The following tips and tricks have been collected from various
users of fast-import, and are offered here as suggestions.
Use One Mark Per Commit
When doing a repository conversion, use a unique mark per commit
(mark :<n>
) and supply the --export-marks option on the command
line. fast-import will dump a file which lists every mark and the
Git object SHA-1 that corresponds to it. If the frontend can tie
the marks back to the source repository, it is easy to verify the
accuracy and completeness of the import by comparing each Git
commit to the corresponding source revision.
Coming from a system such as Perforce or Subversion this should
be quite simple, as the fast-import mark can also be the Perforce
changeset number or the Subversion revision number.
Freely Skip Around Branches
Don't bother trying to optimize the frontend to stick to one
branch at a time during an import. Although doing so might be
slightly faster for fast-import, it tends to increase the
complexity of the frontend code considerably.
The branch LRU builtin to fast-import tends to behave very well,
and the cost of activating an inactive branch is so low that
bouncing around between branches has virtually no impact on
import performance.
Handling Renames
When importing a renamed file or directory, simply delete the old
name(s) and modify the new name(s) during the corresponding
commit. Git performs rename detection after-the-fact, rather than
explicitly during a commit.
Use Tag Fixup Branches
Some other SCM systems let the user create a tag from multiple
files which are not from the same commit/changeset.

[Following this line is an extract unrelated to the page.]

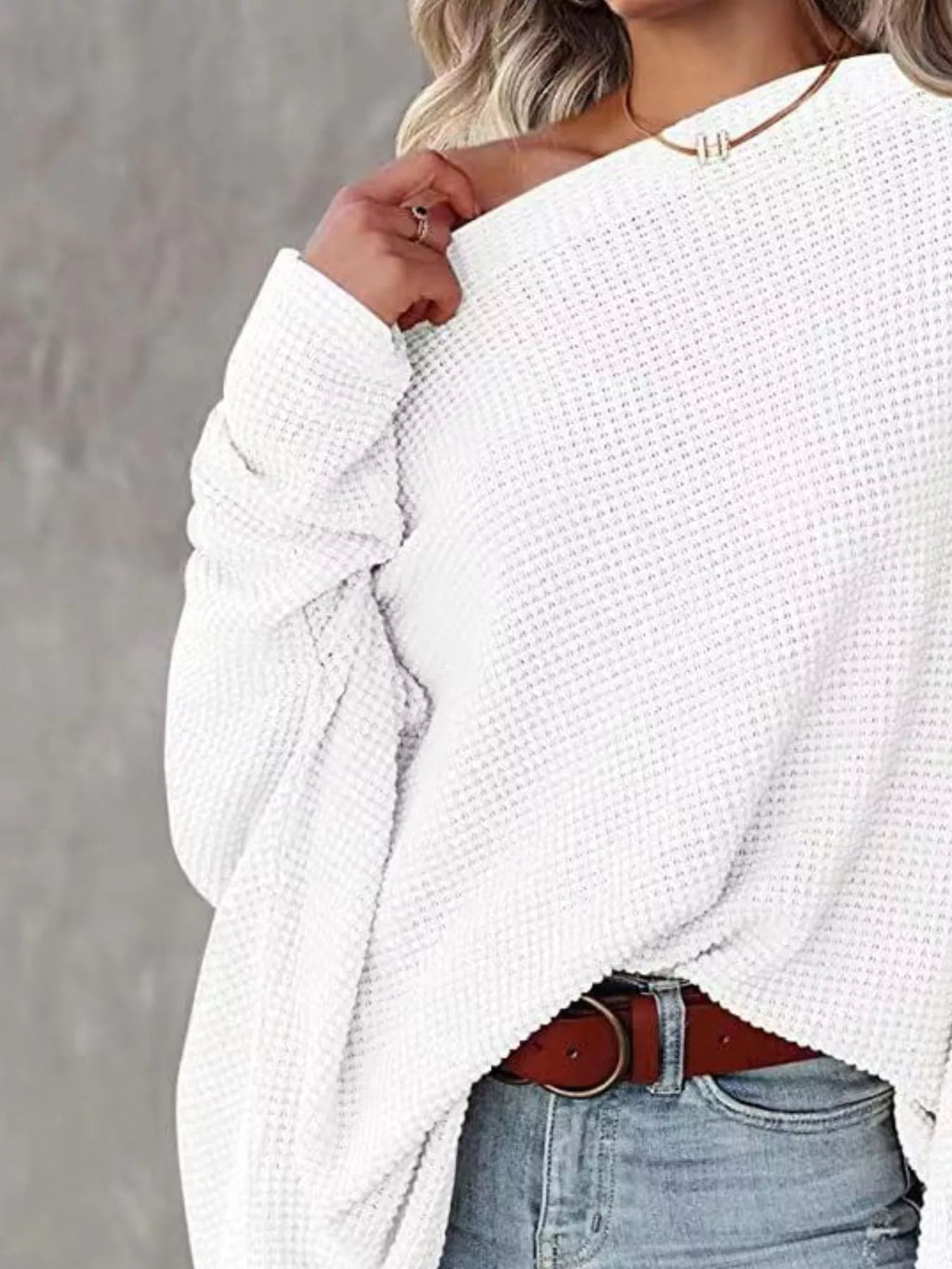 Waffle Knit Boat Neck T-shirt (2)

Or to create
tags which are a subset of the files available in the repository.
Importing these tags as-is in Git is impossible without making at
least one commit which 'fixes up' the files to match the content
of the tag. Use fast-import's reset
command to reset a dummy
branch outside of your normal branch space to the base commit for
the tag, then commit one or more file fixup commits, and finally
tag the dummy branch.
For example since all normal branches are stored under
refs/heads/
name the tag fixup branch TAG_FIXUP
. This way it is
impossible for the fixup branch used by the importer to have
namespace conflicts with real branches imported from the source
(the name TAG_FIXUP
is not refs/heads/TAG_FIXUP
).
When committing fixups, consider using merge
to connect the
commit(s) which are supplying file revisions to the fixup branch.
Doing so will allow tools such as git blame to track through the
real commit history and properly annotate the source files.
After fast-import terminates the frontend will need to do rm
.git/TAG_FIXUP
to remove the dummy branch.
Import Now, Repack Later
As soon as fast-import completes the Git repository is completely
valid and ready for use. Typically this takes only a very short
time, even for considerably large projects (100,000+ commits).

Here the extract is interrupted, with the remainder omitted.